In Review: Comet

by Daniel Goodwin on 02/07/2015


This quaint and quirky indie from debut writer/director Sam Esmail seems like a sugary relation to last week’s Brit rom-com Everyone’s Going To Die. But where Jones’ film was a darker, crime-linked love tale, Comet offers a discombobulating sci-fi twist by weaving parallel universes into its slender almost chemistry-free romance. Justin Long stars as the cynical Dell, a neurotic stoner who meets Kimberly (Emmy Rossum) at a meteor shower viewing event. Kim abandons her jock douche date to run off with Dell and the film charts the couples’ relationship through various periods via slack plotting, entwining timelines and alternative realities before waning for a drab finale. The movie cannot be called a prime essay, in which dynamic plot is combined with charismatic characters—it’s the opposite.

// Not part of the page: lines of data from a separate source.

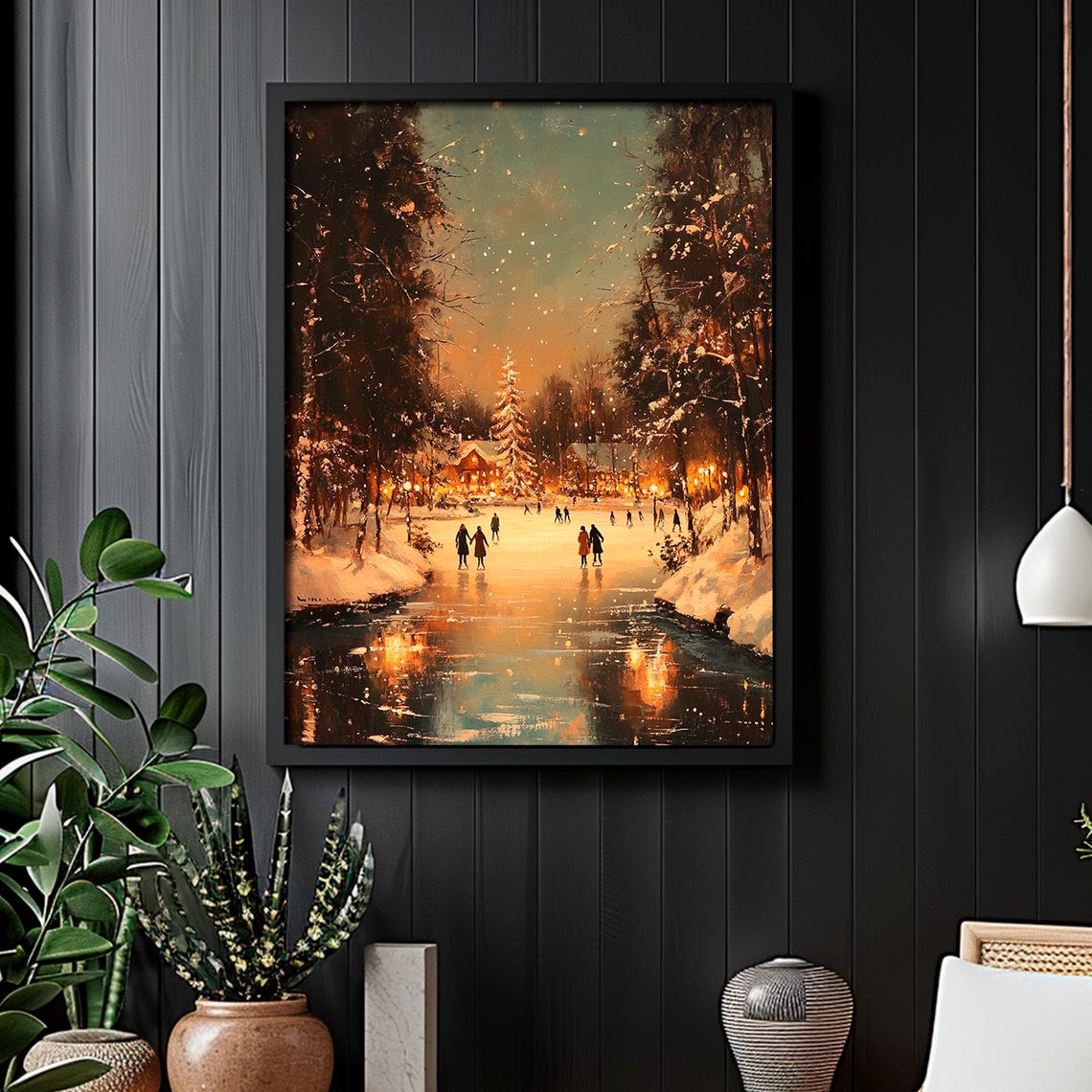 Night Frozen River Skaters Glowing Village Winter Painting Poster - Image 5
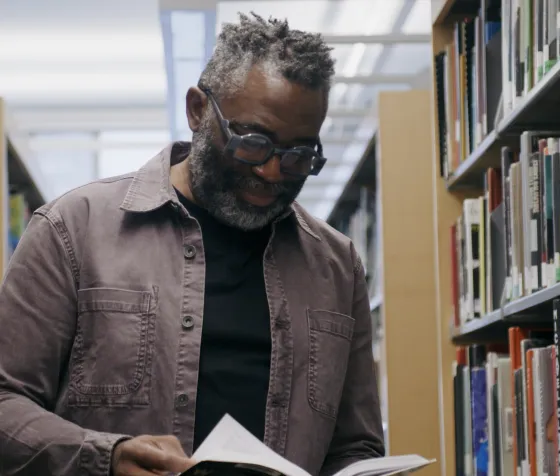 Mohammed Lawal reading a book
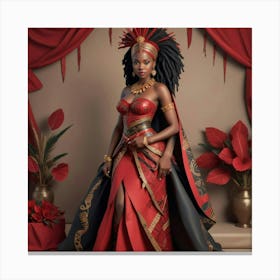 Pikaso Texttoimage Beautiful Africanpowerful Queen Warrior Dressed In (2) Canvas Print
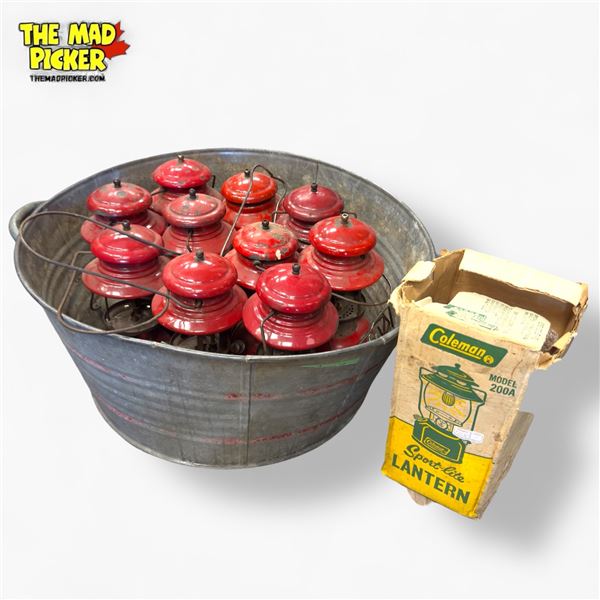 Large Lot of Coleman Model 200 Lanterns (Missing Glass, as is) & Wash Bucket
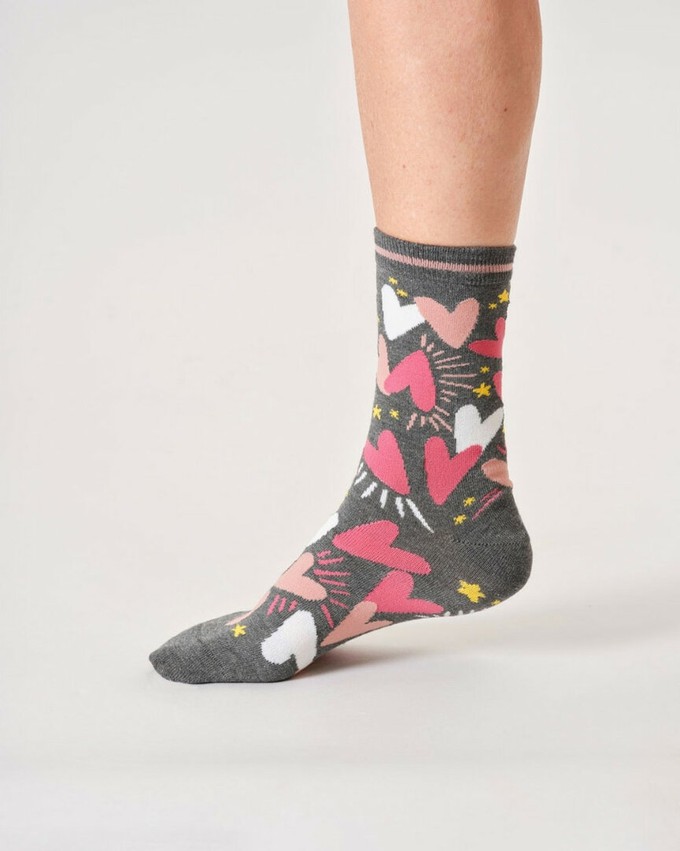 Thought bamboe damessokken hartjes - dark grey marl from Lotika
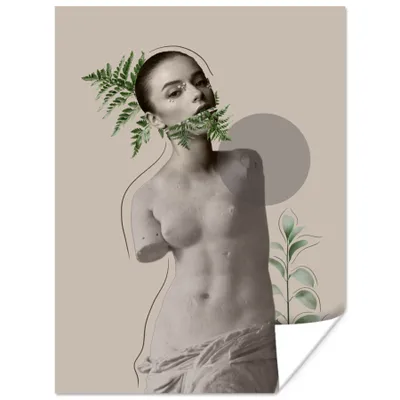 Produktbild von MuchoWow® Poster Frau - Grün - Abstrakt - Pflanzen 30x40 cm - Wandplakat - Poster Kinderzimmer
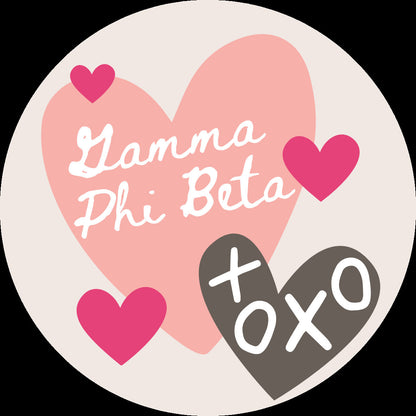 Xoxo Gamma Phi Beta Pin-Back Button | GPhiB | Sorority Button | Game Day Pin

Long is on top form, channelling Woody Allen with his over-analytical, quick-fire ribbing and Rossum is also decent but Esmail’s direction is offbeat and dispassionate. This combined with a scattershot screenplay and oddly framed shots makes Comet an eclectic and often muddled oddity with a dubious view of modern love. It’s needlessly complex and flounders in attempt to find a fitting style, sitting awkwardly between genres. A slightly magical fairytale element manifests through folky sci-fi vistas but the story fails to unify for a fitting resolve. Comet merely trickles into alienating mediocrity while attempting to explore bolder territories. Strong dialogue and decent performances go some way to bolster what there is of a narrative but the charming moments are scarce.

While comparisons can be made to Eternal Sunshine Of The Spotless Mind (2004), Michel Gondry’s film had a more interesting central concept and a strong narrative structure on which to hang its foibles. Comet’s lack of rhyme or reason combined with a tendency to flit jarringly between time zones, make it feel like more of a sauntering mood piece than a unique sci-fi curio. There are a few funny moments and the dialogue is often sharp but chemistry between the leads is a vital component in a film of this kind, and the lack of it is flagrant. The limp narrative and dainty genre traits make Comet feel like a flawed, disorientating oddity that fails to generate wonder and ultimately suffers from a serious lack of heart.